**WHAT YOU ARE ASKED TO DO**. For each entry below, copy the text exactly and leave out any picture.

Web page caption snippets
⁂

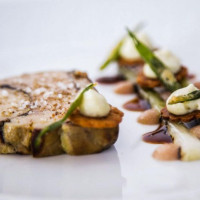 Le Vallon de Valrugues food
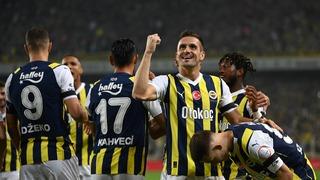 Fenerbahçe, Dusan Tadic'in balık tuttuğu anları paylaştı! Taraftarlar, 'Trabzonspor'a gönderme' dedi...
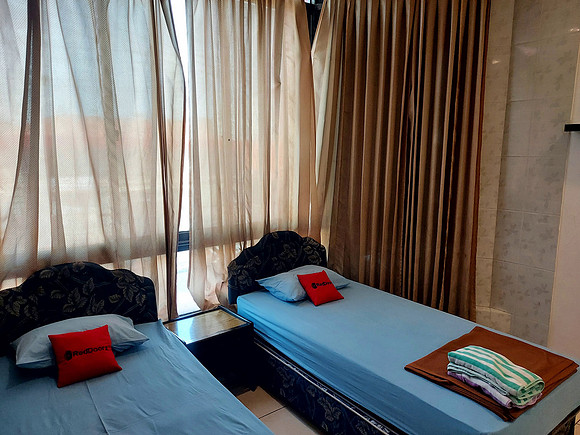 20240502_120918-sparkling-hotel-room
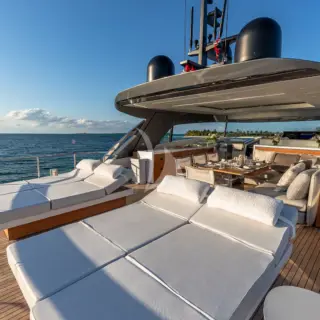 Flybridge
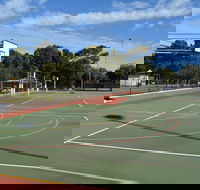 Cleve Sporting Facilities - Broome Tourism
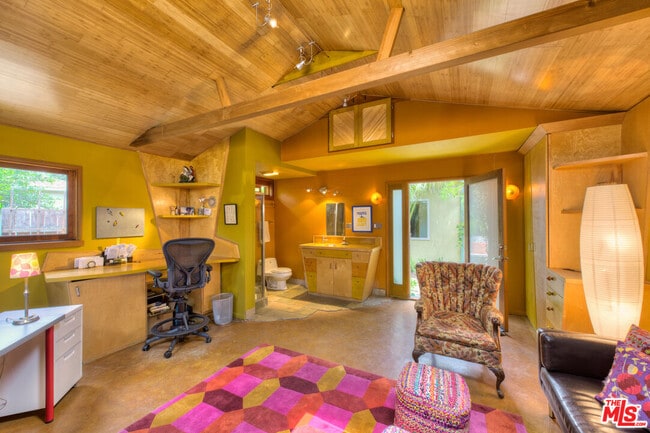 Building Photo - 3617 Maplewood Ave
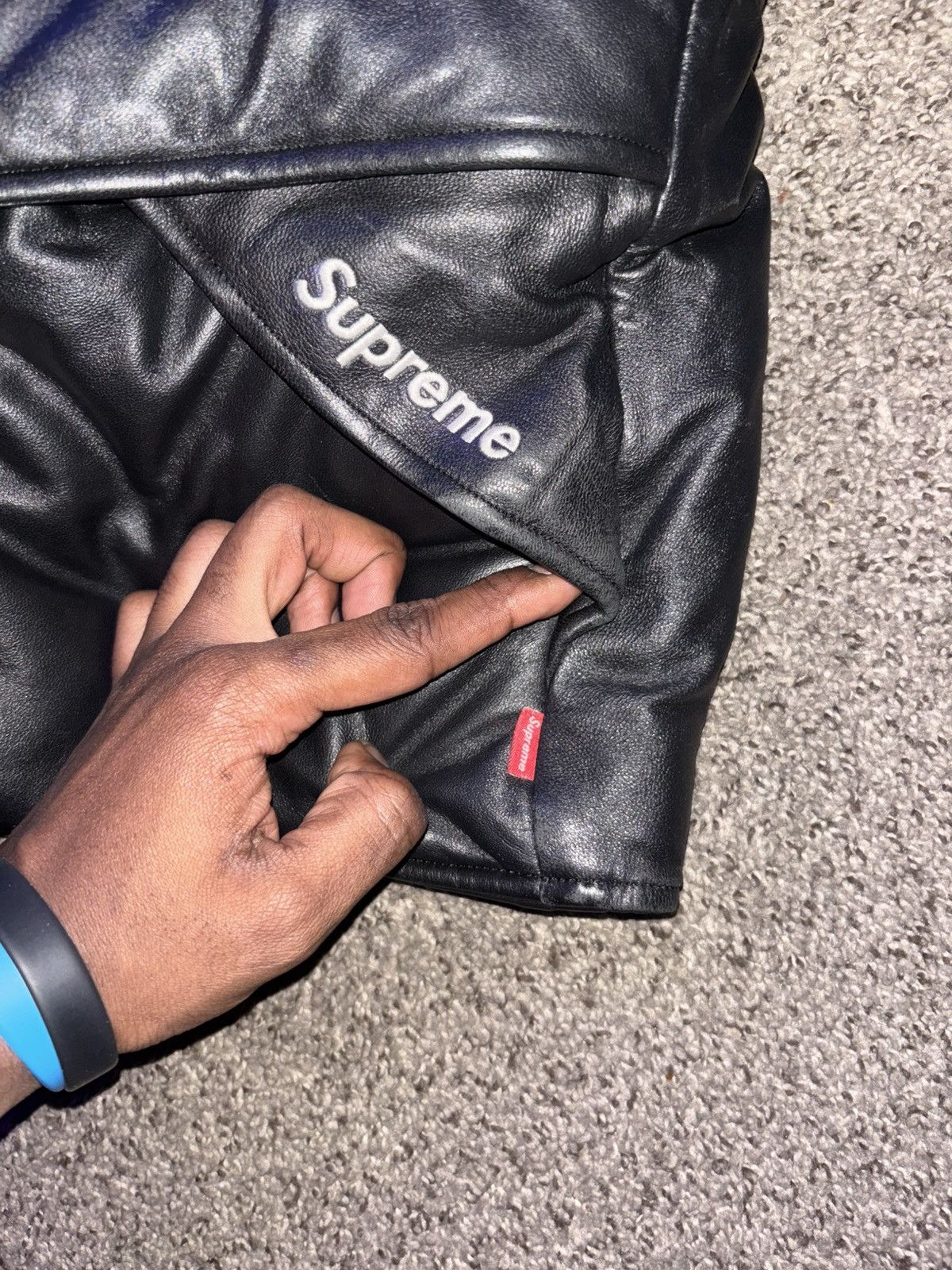 Supreme Supreme x Gortex Parka Black leather jacket 700Fill Size US S / EU 44-46 / 1 - 6 Thumbnail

⁂

**SOLUTION**.
 Le Vallon de Valrugues food
 Fenerbahçe, Dusan Tadic'in balık tuttuğu anları paylaştı! Taraftarlar, 'Trabzonspor'a gönderme' dedi...
 20240502_120918-sparkling-hotel-room
 Flybridge
 Cleve Sporting Facilities - Broome Tourism
 Building Photo - 3617 Maplewood Ave
 Supreme Supreme x Gortex Parka Black leather jacket 700Fill Size US S / EU 44-46 / 1 - 6 Thumbnail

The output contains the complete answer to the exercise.